• _Exercise requirements_
Leave the images aside and output every entry exactly.

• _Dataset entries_
+++
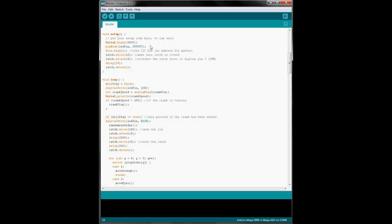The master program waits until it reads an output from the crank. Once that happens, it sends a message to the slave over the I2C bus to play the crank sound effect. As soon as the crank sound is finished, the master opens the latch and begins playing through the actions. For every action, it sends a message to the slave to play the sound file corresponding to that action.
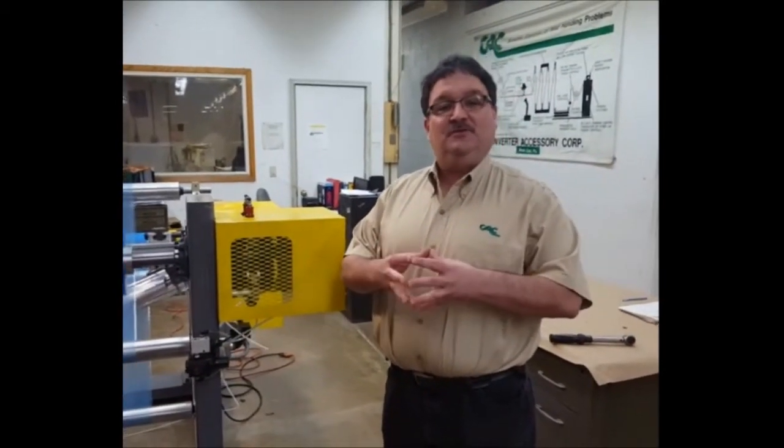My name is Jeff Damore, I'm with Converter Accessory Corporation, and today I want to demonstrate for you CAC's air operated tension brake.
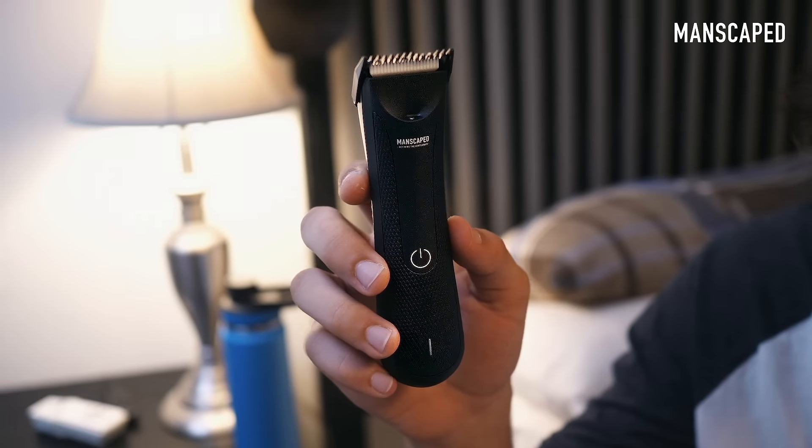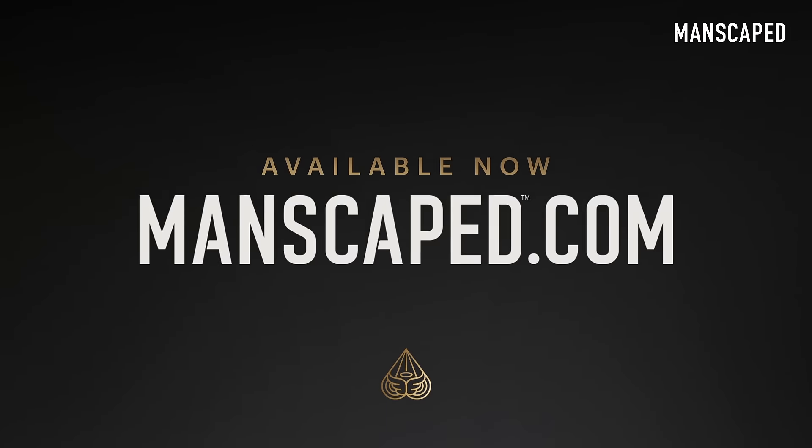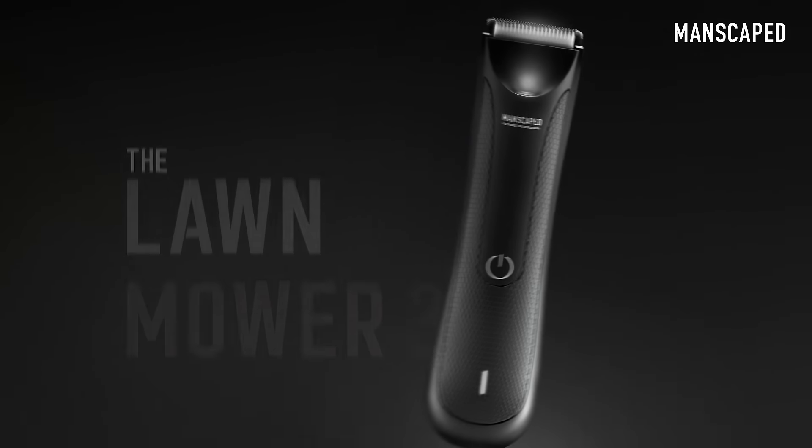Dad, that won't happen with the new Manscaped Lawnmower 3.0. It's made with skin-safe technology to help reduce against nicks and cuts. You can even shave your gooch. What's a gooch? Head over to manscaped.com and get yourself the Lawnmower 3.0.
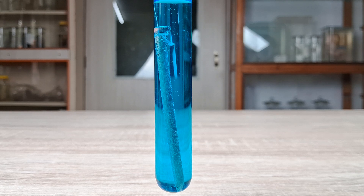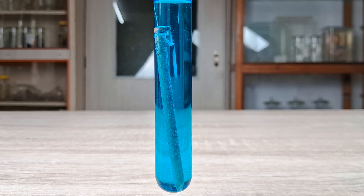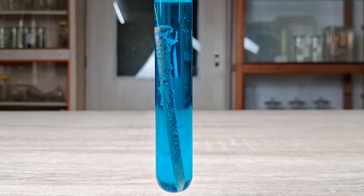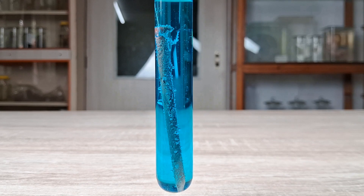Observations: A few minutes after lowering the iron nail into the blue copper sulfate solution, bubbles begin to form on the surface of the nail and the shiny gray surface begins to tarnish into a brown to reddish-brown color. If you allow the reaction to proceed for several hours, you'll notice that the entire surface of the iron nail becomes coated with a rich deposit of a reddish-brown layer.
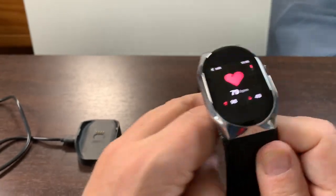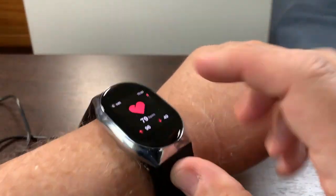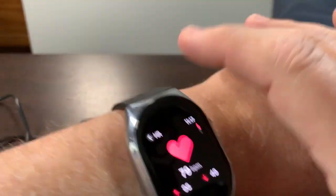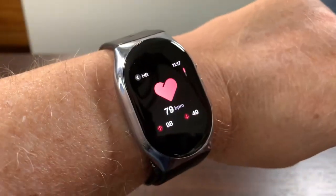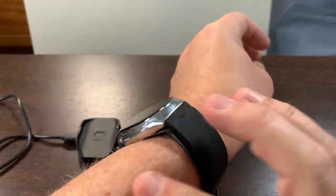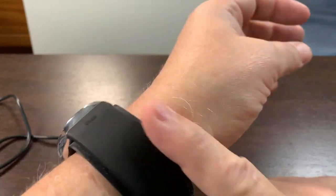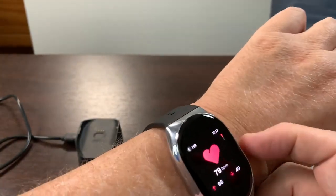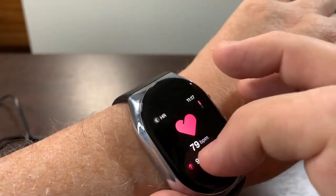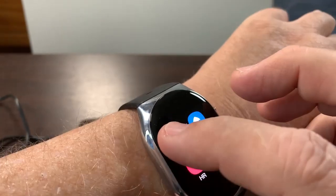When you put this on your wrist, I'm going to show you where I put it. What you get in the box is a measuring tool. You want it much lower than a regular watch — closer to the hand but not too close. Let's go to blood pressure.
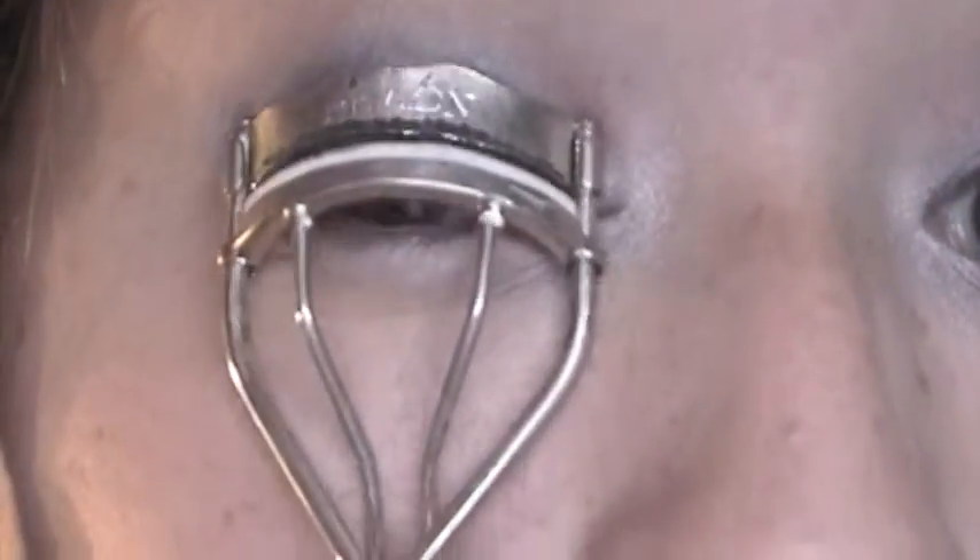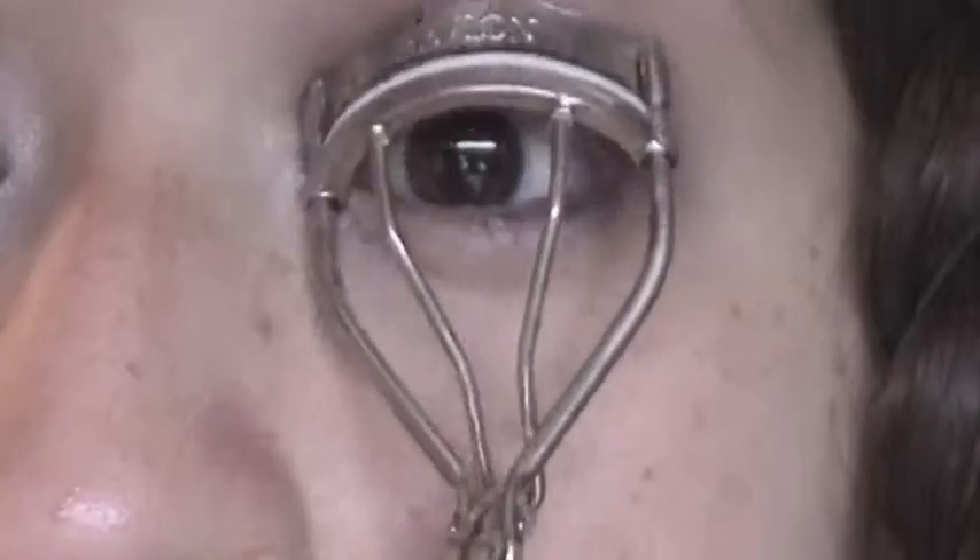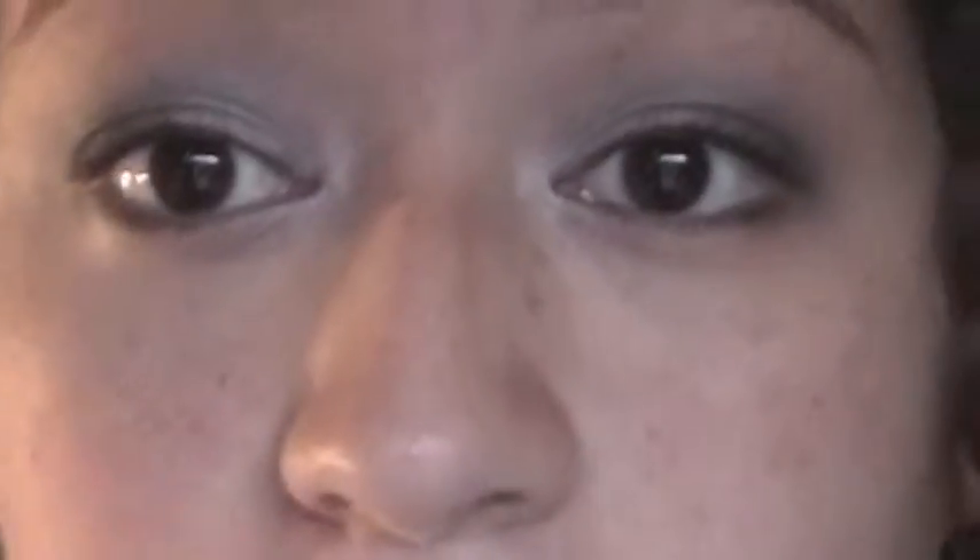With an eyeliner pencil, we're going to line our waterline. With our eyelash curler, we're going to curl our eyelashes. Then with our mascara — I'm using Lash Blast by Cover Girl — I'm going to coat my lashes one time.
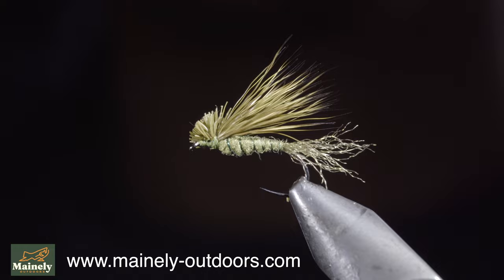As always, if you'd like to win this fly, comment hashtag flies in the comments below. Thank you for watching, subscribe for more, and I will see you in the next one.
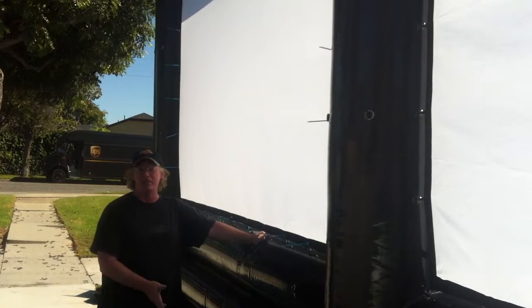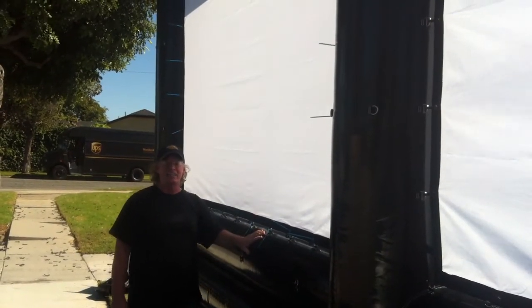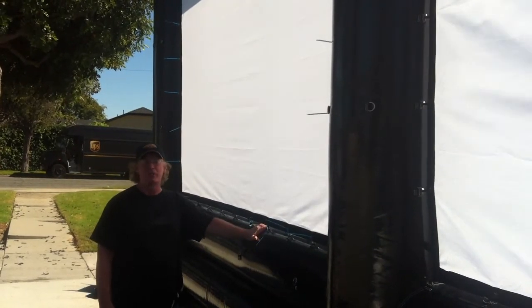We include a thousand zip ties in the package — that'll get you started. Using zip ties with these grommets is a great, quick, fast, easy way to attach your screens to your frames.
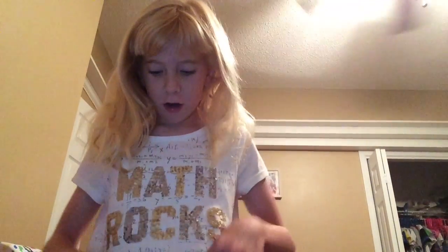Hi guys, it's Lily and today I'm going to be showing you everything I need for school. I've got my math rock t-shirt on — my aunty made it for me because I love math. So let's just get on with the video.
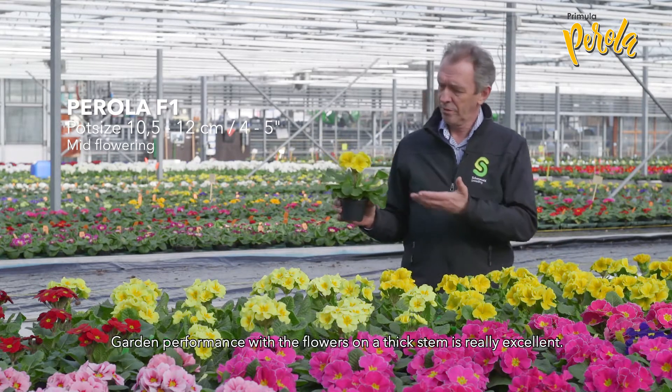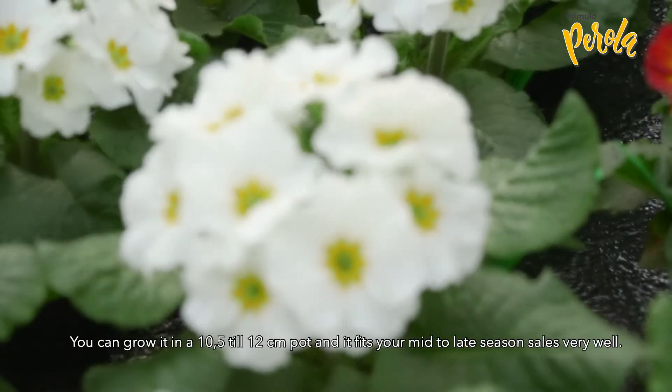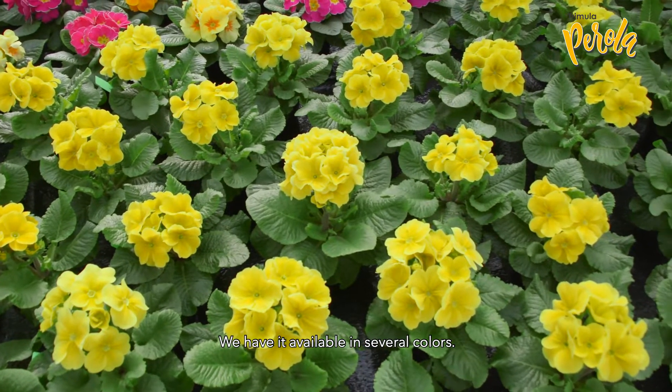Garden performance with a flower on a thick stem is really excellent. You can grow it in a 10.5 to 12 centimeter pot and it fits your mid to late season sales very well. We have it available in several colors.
+++
• _Solved problem_
The master program waits until it reads an output from the crank. Once that happens, it sends a message to the slave over the I2C bus to play the crank sound effect. As soon as the crank sound is finished, the master opens the latch and begins playing through the actions. For every action, it sends a message to the slave to play the sound file corresponding to that action.
My name is Jeff Damore, I'm with Converter Accessory Corporation, and today I want to demonstrate for you CAC's air operated tension brake.
Dad, that won't happen with the new Manscaped Lawnmower 3.0. It's made with skin-safe technology to help reduce against nicks and cuts. You can even shave your gooch. What's a gooch? Head over to manscaped.com and get yourself the Lawnmower 3.0.
Observations: A few minutes after lowering the iron nail into the blue copper sulfate solution, bubbles begin to form on the surface of the nail and the shiny gray surface begins to tarnish into a brown to reddish-brown color. If you allow the reaction to proceed for several hours, you'll notice that the entire surface of the iron nail becomes coated with a rich deposit of a reddish-brown layer.
When you put this on your wrist, I'm going to show you where I put it. What you get in the box is a measuring tool. You want it much lower than a regular watch — closer to the hand but not too close. Let's go to blood pressure.
With an eyeliner pencil, we're going to line our waterline. With our eyelash curler, we're going to curl our eyelashes. Then with our mascara — I'm using Lash Blast by Cover Girl — I'm going to coat my lashes one time.
As always, if you'd like to win this fly, comment hashtag flies in the comments below. Thank you for watching, subscribe for more, and I will see you in the next one.
We include a thousand zip ties in the package — that'll get you started. Using zip ties with these grommets is a great, quick, fast, easy way to attach your screens to your frames.
Hi guys, it's Lily and today I'm going to be showing you everything I need for school. I've got my math rock t-shirt on — my aunty made it for me because I love math. So let's just get on with the video.
Garden performance with a flower on a thick stem is really excellent. You can grow it in a 10.5 to 12 centimeter pot and it fits your mid to late season sales very well. We have it available in several colors.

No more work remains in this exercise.